Another relative absence, though maybe only noticeable to that slim subset of architecture enthusiast with an affection for them, is the movie theater. The last one in town - The Sein Myit Tar Cinema - had been turned into the local branch of Myanmar Apex Bank in the past year or so, replacing the leisurely pursuit of movie-going with the serious business of finance.

For history's sake, at least, the Art Deco exterior of The Sein Myit Tar has been kept intact, a visual reminder of the cinematic pleasures once shared within. But only for those old enough to know it.

Now you know it, too.

A quintessential Myanmar Art Deco movie theater, whose name I forgot to record.

Monday, September 12, 2016

The Thein Htaik Cinema - Lashio, Shan State, Myanmar

Rounding out the trio of active stand-alone movie theaters in Lashio is one that differs markedly from the majority of Myanmar's mid-century cinema stock. Go figure! It's not actually a mid-century movie theater at all, nor was it designed in either of the hallmark Art Deco or International Style which, in Myanmar, are so indicative of the form.

The Thein Htaik Cinema was erected in the 21st century, probably the first single screen stand-alone to arise in the country since the 2000's began. True to the era, it bears none of the aesthetic charms that most older Myanmar theaters come standard with, and all the drawbacks of contemporary stock architecture, with one particularly biting shortcoming - Lashio's unfortunately easy access to cheap Chinese building materials.   

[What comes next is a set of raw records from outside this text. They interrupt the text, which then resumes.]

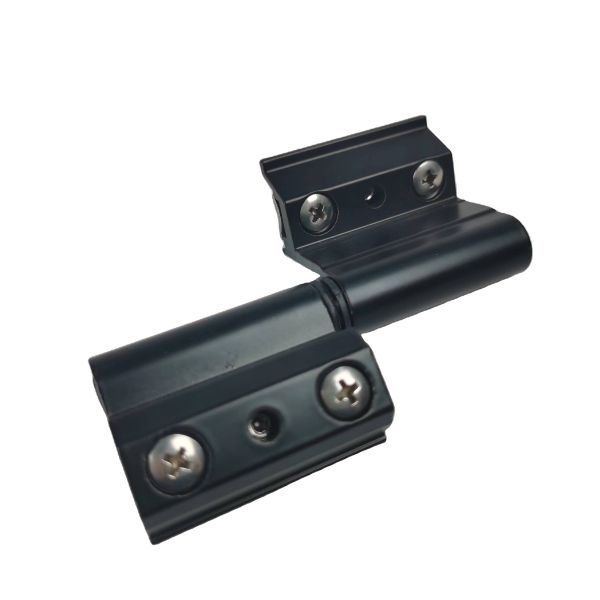 6063-T5 Primary Aluminum Door Hinge with 180 Degree Opening and Modern Design for Heavy Duty Applications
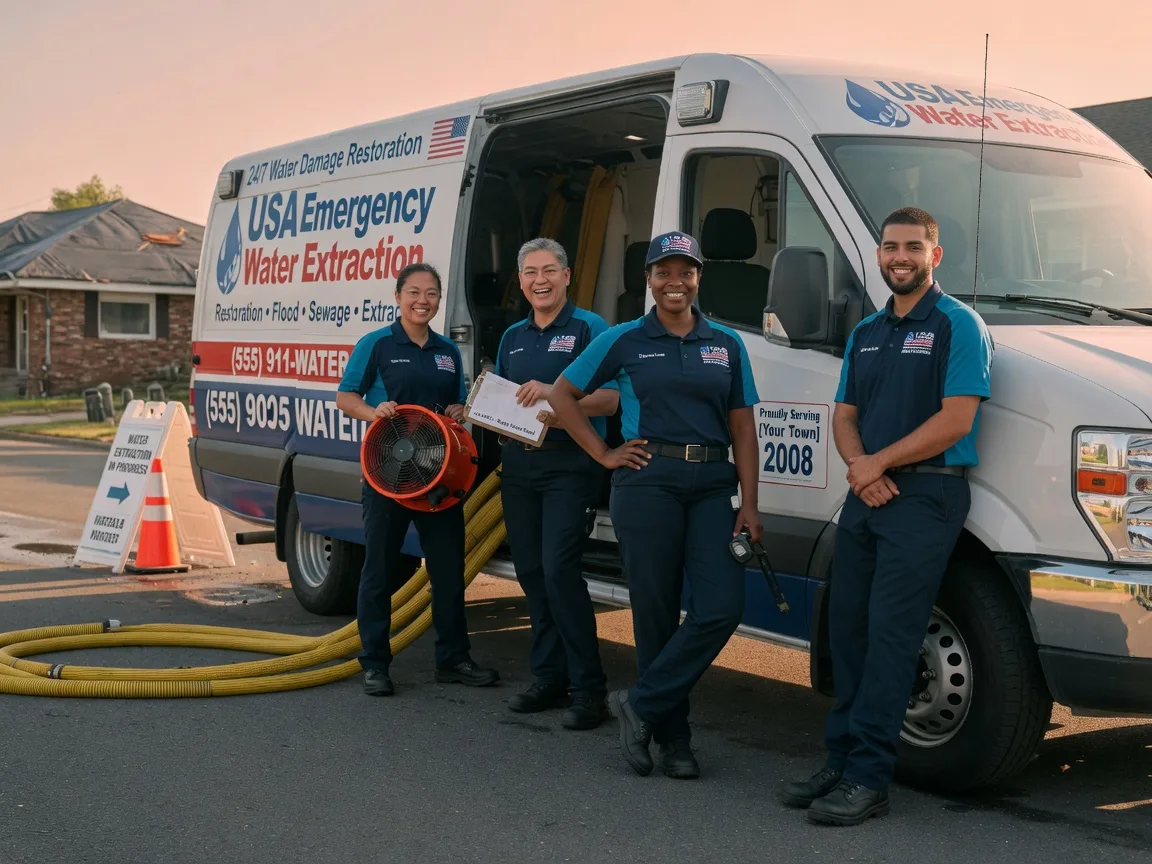 Emergency Water Removal company in Chateaugay, NY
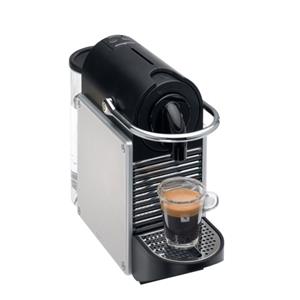 Cafetiere Nespresso Pixie Gris Metal Magimix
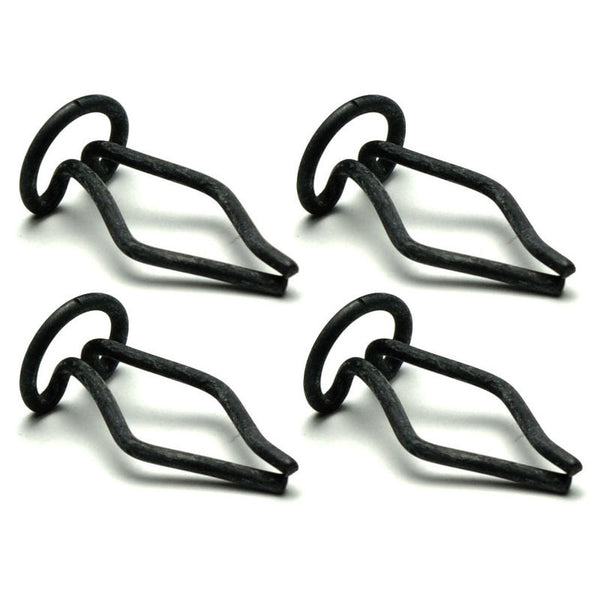 1965 Mustang Dash Pad Trim Clip Set, 4 pcs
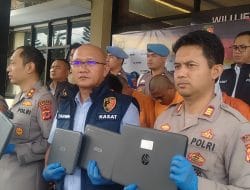 Enam Tersangka Spesialis Pembobol Sekolah Ditangkap Satreskrim Polres Sumedang, Dua Penadah Masih DPO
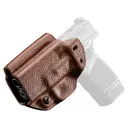 Mission First Tactical Hybrid Holster H3-SFD-3-BR1, Inside Waistband Holster, Ambidextrous - Mission First Tactical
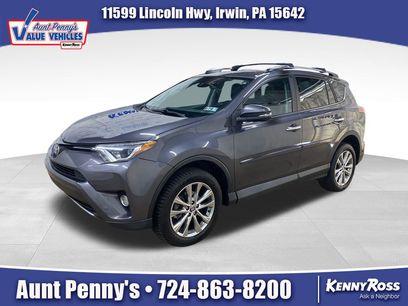 Used 2017 Toyota RAV4 Limited w/ All Weather Liner Package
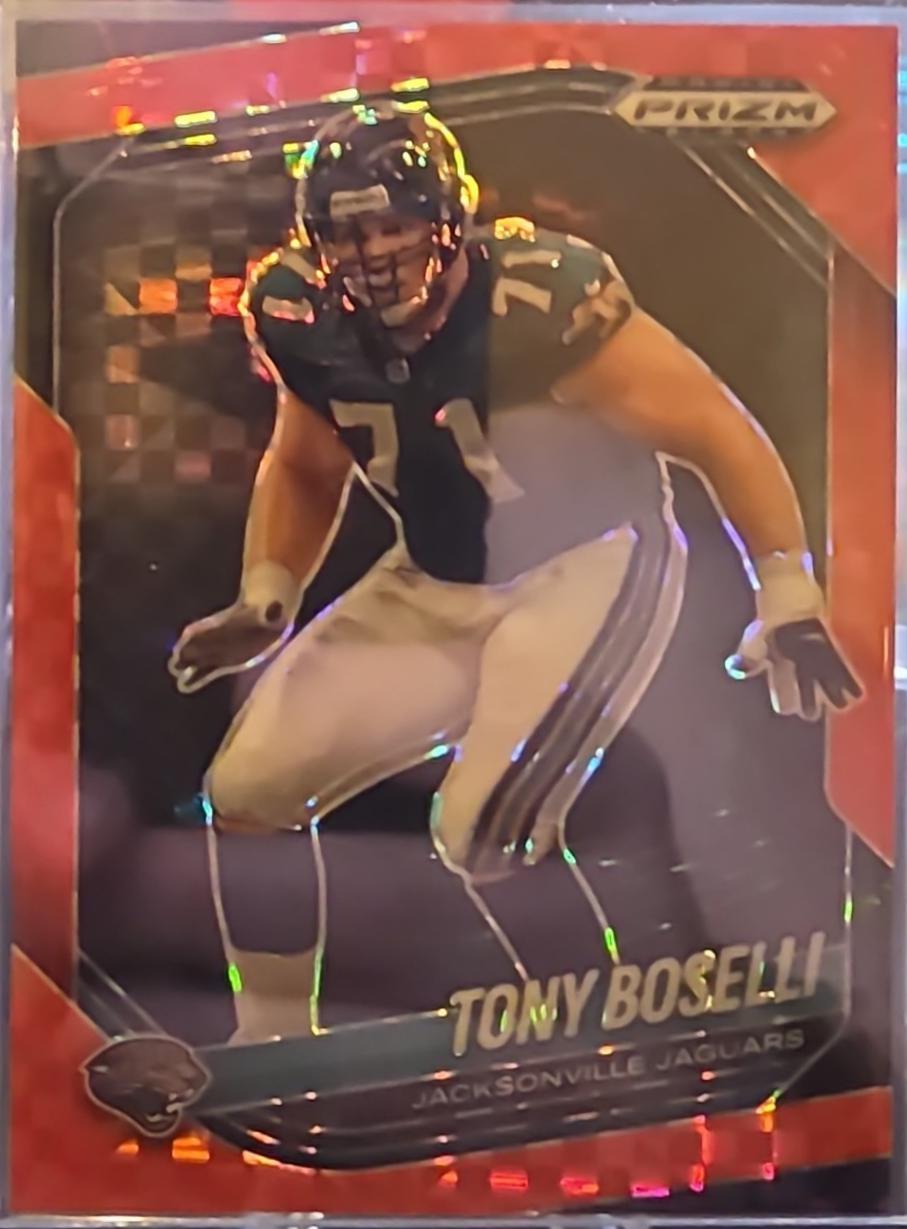 Tony Boselli [Red Power] #72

The Thein Htaik Cinema looks like it was ripped straight off of a Chinese mass construction site, the prevailing aesthetic logic of which is whatever the building, slap some glazed tile, vinyl panels and/or imitation varnished stone onto the facade and call it a castle. It's the latter material that mars the exterior of The Thein Htaik, a decor that announces the accumulation of wealth sans any accompanying notions of good taste, not unlike much of its freshly constructed ilk throughout China. Add some vertical strips of tinted glass, and voila - we've managed to achieve an opaque gangland sort of look. 

While on the subject, multiple sources claimed The Thein Htaik Cinema, as well as a nearby hotel, belong to a certain, shall we say, "Golden Triangle" business man. As part of said business man's amnesty deal with the Burmese military government back in the 1980's, he was given concessions to operate some of the local movie theaters. The 2003 grand opening of The Thain Htaik Cinema was an outcome of that. 

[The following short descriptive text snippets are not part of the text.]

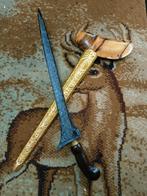 Antieke Kris Djogja Tilam Upih Kembang Lampes Keris SVB27, Verzenden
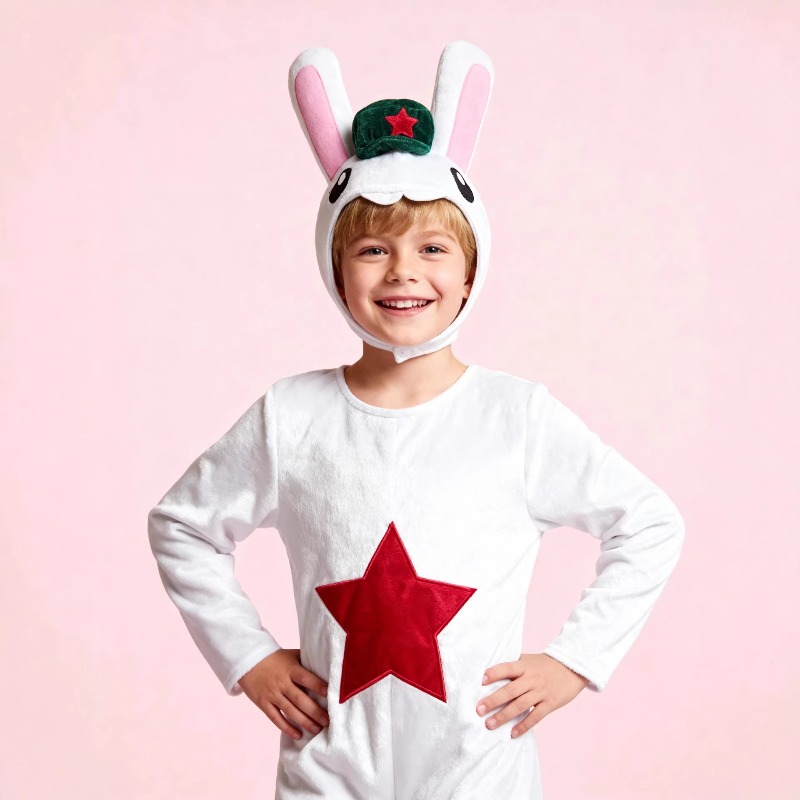 Kostum Paskah Putih Anak-anak  - Party Games Easter For Kids ulasan dan harga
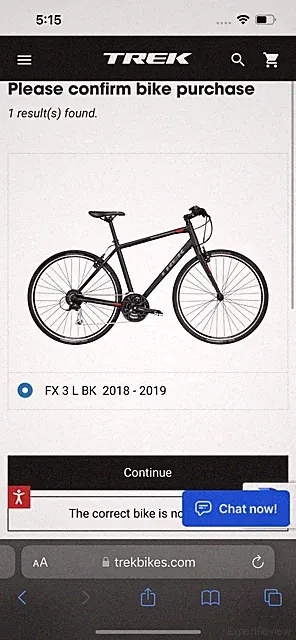 bike-Carbon Fiber- neighborhood/city/long distance- TREK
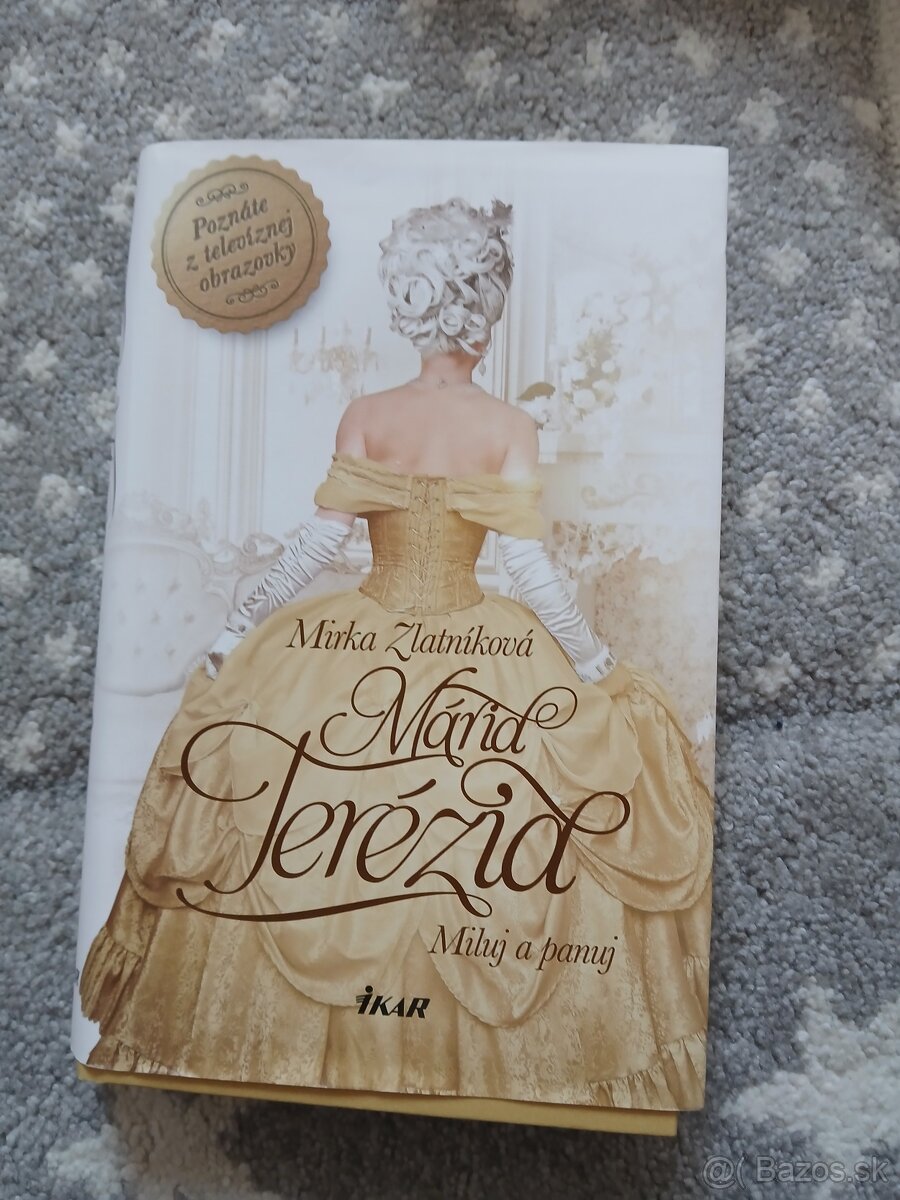 Kniha Mária Terezia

A stand-alone theater for its times - The Thein Htaik Cinema

Despite aesthetic lampooning, The Thein Htaik is an overall welcomed addition to downtown Lashio. The movie watching experience therein is copacetic, taking place inside a comfortable and spacious auditorium, equipped with all the latest in digital sound and projection technology. Though it may fall short in the looks department, the bi-level lobby is reminiscent of the older variety of stand-alone movie theater in Southeast Asia, designed with ample space for movie goers to lounge around and socialize before the start of a film. And in typical tropical architecture fashion, both levels are open air around the perimeter, allowing the bustle and spontaneity of the city street to blend with the fantasy world of the cinema. Simply stated, it makes the outside feel inside.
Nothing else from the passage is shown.